From Publishers Weekly

The alien androgyny, the spiritual eroticism, the royal conceit: the outsized persona of the artist currently known as Prince fascinates on numerous levels. In this detailed biography by journalist and attorney Hahn, anecdotes of a personal nature mix with close readings of Prince's musical output, producing few big secrets but plenty of insight. Prince's early days are recounted as a frenzy of musical education, with influences ranging from the funky dexterity of Sly Stone, to the tight perfectionism of James Brown, to the spiritual yearning of Stevie Wonder. (Hahn also names a less obvious influence in Joni Mitchell, whose lyrics Prince apparently purloined sometimes whole cloth.) The young Prince also absorbs the mechanics of the studio like a sponge.

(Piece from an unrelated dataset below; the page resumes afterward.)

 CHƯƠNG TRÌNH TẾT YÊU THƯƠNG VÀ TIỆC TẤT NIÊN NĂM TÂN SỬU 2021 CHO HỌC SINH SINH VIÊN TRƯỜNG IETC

When the child prodigy meets with early success, signing to Warner Brothers at age 19, he blossoms into the personality of flamboyant and controlling self-absorption that fans have now watched mutate for over two decades. Constructed from interviews with producers, sound engineers, journalists and publicists, though not as frequently with Prince's inner circle, the book portrays Prince as a kind of outsider artist, eccentric and self-centered to the extreme, rarely leaving the enchanted, Minneapolis garden of his childhood, where he has managed to build himself into a living, protean god. This is a truly American story of cranky self-invention. B&w photos.
Copyright 2003 Reed Business Information, Inc. --This text refers to the Hardcover edition.

From Booklist

In the late 1970s, Minnesotan Prince Rogers Nelson began releasing funk-fortified albums on which he was the only musician and singer. First as an underground phenomenon, then as a much-hyped purveyor of a new kind of excruciatingly danceable, sexy music, he became a pop phenomenon. He shed two-thirds of his name, formed a series of bands, made some movies, and eventually dropped his name entirely, preferring to identify himself with an unpronounceable symbol. Then he feuded with his record company, inaugurating a series of negative career moves that rivaled Mike Tyson's in self-destructiveness and rendered him little more than fodder for late-night TV wisecracks. Hahn covers this ascent and descent in gritty detail, thanks to sources that include many Prince collaborators, though not the incredibly funky Apollonia, Morris Day, or George Clinton (whose career Prince restarted in the 1990s). Considering the longevity of rock careers these days, Prince might rebound yet. Still, he has left his mark on rock style as well as music, and Hahn has given us the arc of that mark. Mike Tribby
Copyright © American Library Association. All rights reserved --This text refers to the Hardcover edition.

Product Details

  • Paperback: 288 pages
  • Publisher: Billboard Books (April 1, 2004)
  • Language: English
  • ISBN-10: 0823077497
  • ISBN-13: 978-0823077496
  • Product Dimensions: 9 x 6.1 x 0.7 inches
  • Shipping Weight: 1 pounds
  • Average Customer Review: 3.7 out of 5 stars  See all reviews (39 customer reviews)
  • Amazon Best Sellers Rank: #631,329 in Books (See Top 100 in Books)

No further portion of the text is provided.